====== Listed entries ======

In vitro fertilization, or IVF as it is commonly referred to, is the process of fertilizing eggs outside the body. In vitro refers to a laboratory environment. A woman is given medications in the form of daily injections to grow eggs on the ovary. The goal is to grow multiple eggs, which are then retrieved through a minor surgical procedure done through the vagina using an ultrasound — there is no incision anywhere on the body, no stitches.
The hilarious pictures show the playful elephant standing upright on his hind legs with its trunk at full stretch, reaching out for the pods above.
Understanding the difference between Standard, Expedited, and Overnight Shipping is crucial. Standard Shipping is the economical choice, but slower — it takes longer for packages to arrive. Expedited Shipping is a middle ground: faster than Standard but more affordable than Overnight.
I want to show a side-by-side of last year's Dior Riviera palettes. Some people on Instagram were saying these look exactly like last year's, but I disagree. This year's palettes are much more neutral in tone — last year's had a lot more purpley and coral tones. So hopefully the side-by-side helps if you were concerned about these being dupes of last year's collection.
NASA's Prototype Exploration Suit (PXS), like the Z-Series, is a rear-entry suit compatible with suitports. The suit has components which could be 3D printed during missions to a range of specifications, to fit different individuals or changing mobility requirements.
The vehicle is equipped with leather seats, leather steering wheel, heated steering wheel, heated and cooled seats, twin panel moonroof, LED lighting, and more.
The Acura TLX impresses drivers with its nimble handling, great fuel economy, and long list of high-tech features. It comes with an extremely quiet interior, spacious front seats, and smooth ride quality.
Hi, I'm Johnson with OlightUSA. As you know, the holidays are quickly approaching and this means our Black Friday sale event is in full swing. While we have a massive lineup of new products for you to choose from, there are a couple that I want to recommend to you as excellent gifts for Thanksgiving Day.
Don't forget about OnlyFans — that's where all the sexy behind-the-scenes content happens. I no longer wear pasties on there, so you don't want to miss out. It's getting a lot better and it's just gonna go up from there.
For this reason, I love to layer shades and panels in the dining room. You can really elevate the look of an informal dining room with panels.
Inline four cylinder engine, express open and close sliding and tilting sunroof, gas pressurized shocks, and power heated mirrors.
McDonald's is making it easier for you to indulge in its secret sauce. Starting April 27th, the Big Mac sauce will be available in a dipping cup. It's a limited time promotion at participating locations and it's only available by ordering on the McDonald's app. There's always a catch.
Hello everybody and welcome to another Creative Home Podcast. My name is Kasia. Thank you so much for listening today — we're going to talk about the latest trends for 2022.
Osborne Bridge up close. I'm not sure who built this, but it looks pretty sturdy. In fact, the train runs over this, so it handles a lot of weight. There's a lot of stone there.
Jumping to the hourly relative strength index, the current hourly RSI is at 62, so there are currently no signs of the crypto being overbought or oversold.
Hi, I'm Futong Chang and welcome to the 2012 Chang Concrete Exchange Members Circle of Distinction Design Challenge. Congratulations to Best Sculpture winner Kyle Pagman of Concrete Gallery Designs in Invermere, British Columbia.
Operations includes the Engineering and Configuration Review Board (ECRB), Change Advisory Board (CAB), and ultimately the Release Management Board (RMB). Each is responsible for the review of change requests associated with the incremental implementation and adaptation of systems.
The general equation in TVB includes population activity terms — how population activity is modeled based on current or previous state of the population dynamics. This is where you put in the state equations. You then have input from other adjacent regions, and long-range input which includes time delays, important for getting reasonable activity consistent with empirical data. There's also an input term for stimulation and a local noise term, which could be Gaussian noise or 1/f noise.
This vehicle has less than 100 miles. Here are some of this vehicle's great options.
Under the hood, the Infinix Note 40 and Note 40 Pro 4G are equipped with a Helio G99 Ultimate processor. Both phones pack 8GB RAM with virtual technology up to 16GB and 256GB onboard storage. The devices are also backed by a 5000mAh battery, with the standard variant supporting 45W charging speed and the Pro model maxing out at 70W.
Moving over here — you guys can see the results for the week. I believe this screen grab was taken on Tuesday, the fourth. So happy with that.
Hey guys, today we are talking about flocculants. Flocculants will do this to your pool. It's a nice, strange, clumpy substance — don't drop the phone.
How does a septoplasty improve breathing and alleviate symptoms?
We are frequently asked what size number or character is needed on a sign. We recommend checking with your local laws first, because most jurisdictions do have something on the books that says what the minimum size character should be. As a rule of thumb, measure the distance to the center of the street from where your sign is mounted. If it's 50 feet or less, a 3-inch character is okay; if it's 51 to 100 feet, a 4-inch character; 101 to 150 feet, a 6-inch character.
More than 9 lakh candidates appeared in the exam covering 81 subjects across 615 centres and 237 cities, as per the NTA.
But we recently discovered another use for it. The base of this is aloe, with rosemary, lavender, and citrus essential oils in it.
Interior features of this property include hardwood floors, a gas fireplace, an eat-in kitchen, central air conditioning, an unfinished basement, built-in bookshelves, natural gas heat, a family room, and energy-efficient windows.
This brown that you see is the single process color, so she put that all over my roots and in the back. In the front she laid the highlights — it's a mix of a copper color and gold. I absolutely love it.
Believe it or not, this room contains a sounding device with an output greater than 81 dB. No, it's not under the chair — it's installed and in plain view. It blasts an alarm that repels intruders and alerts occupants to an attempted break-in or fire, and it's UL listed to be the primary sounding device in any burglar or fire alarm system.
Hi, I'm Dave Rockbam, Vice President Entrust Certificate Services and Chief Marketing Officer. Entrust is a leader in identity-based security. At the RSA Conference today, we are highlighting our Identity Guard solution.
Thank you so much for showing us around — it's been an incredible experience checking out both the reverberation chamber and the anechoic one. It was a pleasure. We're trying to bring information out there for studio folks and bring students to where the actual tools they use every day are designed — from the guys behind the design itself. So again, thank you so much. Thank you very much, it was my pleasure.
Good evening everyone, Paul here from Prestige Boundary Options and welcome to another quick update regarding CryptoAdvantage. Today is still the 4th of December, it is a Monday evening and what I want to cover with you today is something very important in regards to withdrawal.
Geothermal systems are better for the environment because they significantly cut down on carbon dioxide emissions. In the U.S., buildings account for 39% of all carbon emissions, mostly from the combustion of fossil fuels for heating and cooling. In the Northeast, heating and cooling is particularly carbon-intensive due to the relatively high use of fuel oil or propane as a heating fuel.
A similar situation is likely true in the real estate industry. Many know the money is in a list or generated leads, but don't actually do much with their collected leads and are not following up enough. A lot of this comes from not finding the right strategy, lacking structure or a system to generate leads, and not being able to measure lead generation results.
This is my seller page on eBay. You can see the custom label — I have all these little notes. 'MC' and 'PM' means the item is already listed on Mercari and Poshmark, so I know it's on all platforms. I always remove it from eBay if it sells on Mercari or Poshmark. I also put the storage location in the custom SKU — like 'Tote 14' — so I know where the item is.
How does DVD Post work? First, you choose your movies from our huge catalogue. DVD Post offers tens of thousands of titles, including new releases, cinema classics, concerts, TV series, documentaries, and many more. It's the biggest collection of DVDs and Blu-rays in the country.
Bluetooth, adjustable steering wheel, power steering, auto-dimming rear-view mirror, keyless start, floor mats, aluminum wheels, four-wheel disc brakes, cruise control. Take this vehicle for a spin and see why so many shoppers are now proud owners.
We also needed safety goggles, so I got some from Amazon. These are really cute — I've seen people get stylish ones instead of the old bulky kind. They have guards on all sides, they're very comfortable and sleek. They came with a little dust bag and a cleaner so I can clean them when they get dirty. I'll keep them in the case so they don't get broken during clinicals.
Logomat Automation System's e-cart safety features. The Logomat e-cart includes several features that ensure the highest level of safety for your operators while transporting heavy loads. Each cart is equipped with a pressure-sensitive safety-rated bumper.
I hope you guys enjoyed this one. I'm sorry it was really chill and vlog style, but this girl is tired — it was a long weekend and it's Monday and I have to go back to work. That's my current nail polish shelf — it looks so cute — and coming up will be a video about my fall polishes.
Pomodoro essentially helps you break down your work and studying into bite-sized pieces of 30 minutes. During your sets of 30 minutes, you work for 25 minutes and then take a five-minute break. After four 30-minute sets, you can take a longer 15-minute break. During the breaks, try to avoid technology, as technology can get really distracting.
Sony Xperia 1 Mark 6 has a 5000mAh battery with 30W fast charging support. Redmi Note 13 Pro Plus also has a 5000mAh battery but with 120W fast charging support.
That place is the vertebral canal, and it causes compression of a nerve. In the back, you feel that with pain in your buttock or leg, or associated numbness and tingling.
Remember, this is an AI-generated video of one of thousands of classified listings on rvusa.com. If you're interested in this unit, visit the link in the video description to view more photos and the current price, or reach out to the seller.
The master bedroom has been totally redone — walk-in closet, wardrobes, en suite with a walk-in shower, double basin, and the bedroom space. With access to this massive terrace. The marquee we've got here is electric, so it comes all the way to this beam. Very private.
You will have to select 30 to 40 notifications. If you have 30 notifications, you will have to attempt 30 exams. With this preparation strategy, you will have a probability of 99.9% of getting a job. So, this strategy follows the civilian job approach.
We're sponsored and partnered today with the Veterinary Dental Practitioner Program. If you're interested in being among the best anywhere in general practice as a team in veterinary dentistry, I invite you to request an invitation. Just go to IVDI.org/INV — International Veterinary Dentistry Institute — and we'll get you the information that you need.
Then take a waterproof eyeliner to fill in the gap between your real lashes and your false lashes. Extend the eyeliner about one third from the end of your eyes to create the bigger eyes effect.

======

What lines of the material above include "heated"? Copy each one.

_Response to this exercise_:
The vehicle is equipped with leather seats, leather steering wheel, heated steering wheel, heated and cooled seats, twin panel moonroof, LED lighting, and more.
Inline four cylinder engine, express open and close sliding and tilting sunroof, gas pressurized shocks, and power heated mirrors.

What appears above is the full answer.